Quoted By:
>We're talking here about a new humankind, a shin jinrui. Nothing more, nothing less. At the very least it's a new kind of humans, if we chose to read it shinjin rui. Well, if nothing else they're new and they're one of a kind. Nothing more is certain about the otaku, even their humanness is being doubted. They might very well be from outer space.
>Their phenomenology varies widely. Some otak hunt for photographs of music industry's synthetic starlets, some are fanatically into computer games, many are immersed in comic-books most of their waking day, others are plastic model maniacs, and yet others fancy hacking into car-telephone conversations. Otak is not concerned with a certain subject matter, but is rather a mode of being. There are magazines catering to them, fairs, pornography, videos, and computer-networks, and there is the "Book of Otaku". According to an estimation of the editor of "Do-Pe", one of the otak-magazines, there is a hard core of 350,000 of them around, but, he says, how many 'light otak' exist, nobody knows.

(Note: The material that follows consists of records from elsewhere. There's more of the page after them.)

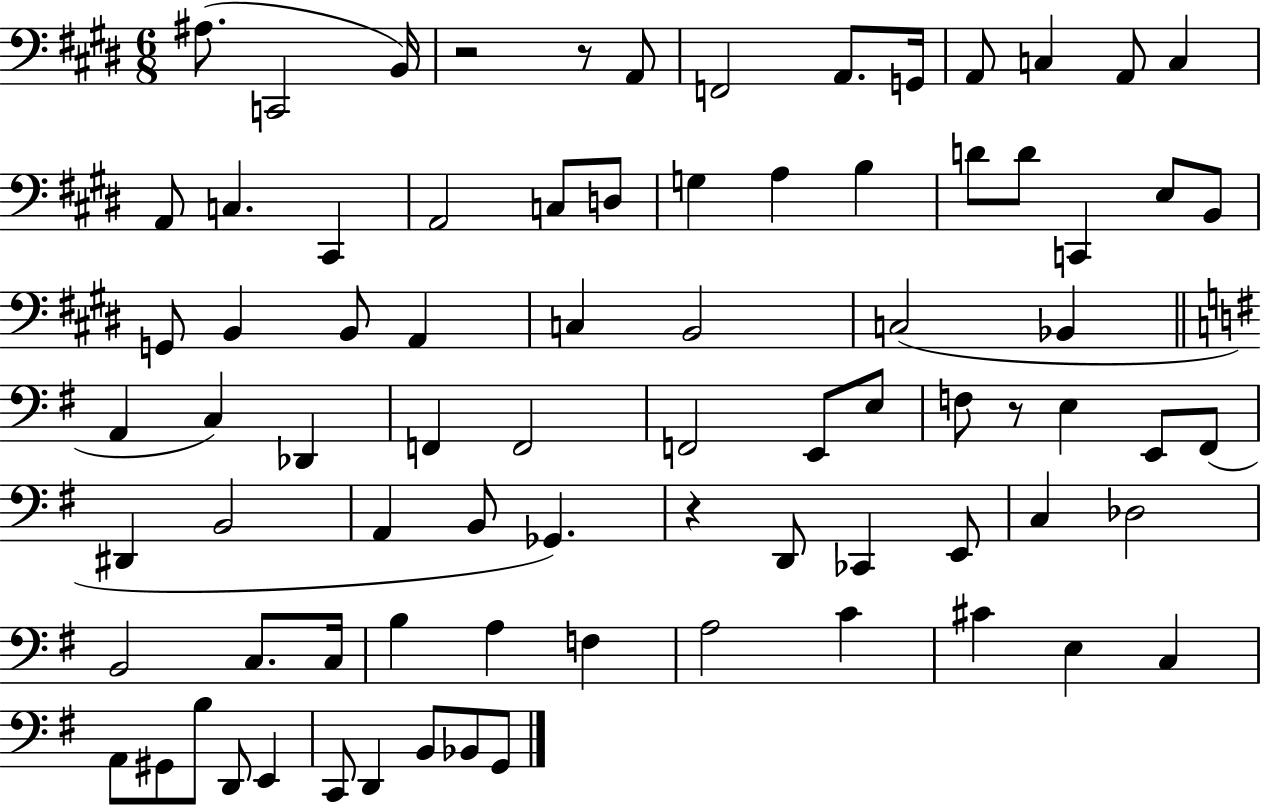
{
  \clef bass
  \numericTimeSignature
  \time 6/8
  \key e \major
  \repeat volta 2 { ais8.( c,2 b,16) | r2 r8 a,8 | f,2 a,8. g,16 | a,8 c4 a,8 c4 | \break a,8 c4. cis,4 | a,2 c8 d8 | g4 a4 b4 | d'8 d'8 c,4 e8 b,8 | \break g,8 b,4 b,8 a,4 | c4 b,2 | c2( bes,4 | \bar "||" \break \key g \major a,4 c4) des,4 | f,4 f,2 | f,2 e,8 e8 | f8 r8 e4 e,8 fis,8( | \break dis,4 b,2 | a,4 b,8 ges,4.) | r4 d,8 ces,4 e,8 | c4 des2 | \break b,2 c8. c16 | b4 a4 f4 | a2 c'4 | cis'4 e4 c4 | \break a,8 gis,8 b8 d,8 e,4 | c,8 d,4 b,8 bes,8 g,8 | } \bar "|."
}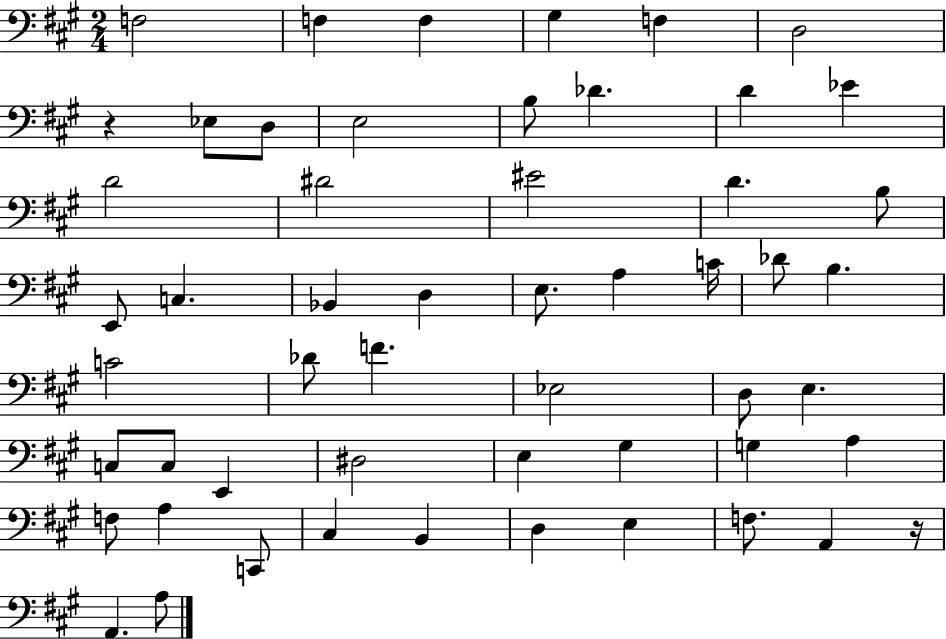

>If you ask different people for a definition of the term otaku you get contradictory answers. In different phases of its dissemination it changed in meaning, and people look at it from different angles at any given time. What is the smallest common denominator? Otaku are teens or twens. Mostly boys. They usually wear jeans, T-shirt and sneakers, which might not sound very characteristic, but in fashion-crazy Japan it is. They despise physical contact and love media, technical communication, and the realm of reproduction and simulation in general. They are enthusiastic collectors and manipulators of useless artifacts and information. They are an underground, but they are not opposed to the system. They change, manipulate, and subvert ready-made products, but at the same time they are the apotheosis of consumerism and an ideal workforce for contemporary Japanese capitalism. They are the children of the media.
>This image comes close to the one TSUZUKI Kyoichi draws, an ex-journalist for the Yuppy magazine "Popeye" and today an art editor, who introduced me to the more hidden corners of the extensive otaku-world: "In the beginning otaku was used in a very negative sense and meant someone who doesn't look good, who has no girl friend, who is collecting silly things, and is generally out of the world. As a definition I would say that an otaku is a person who is into something useless. Idol-, manga- or whatever-otaku means he does not have anything else. But in that he really indulges. It's a silly way of spending time, from a normal business point of view. They play games with the same seriousness others use for business.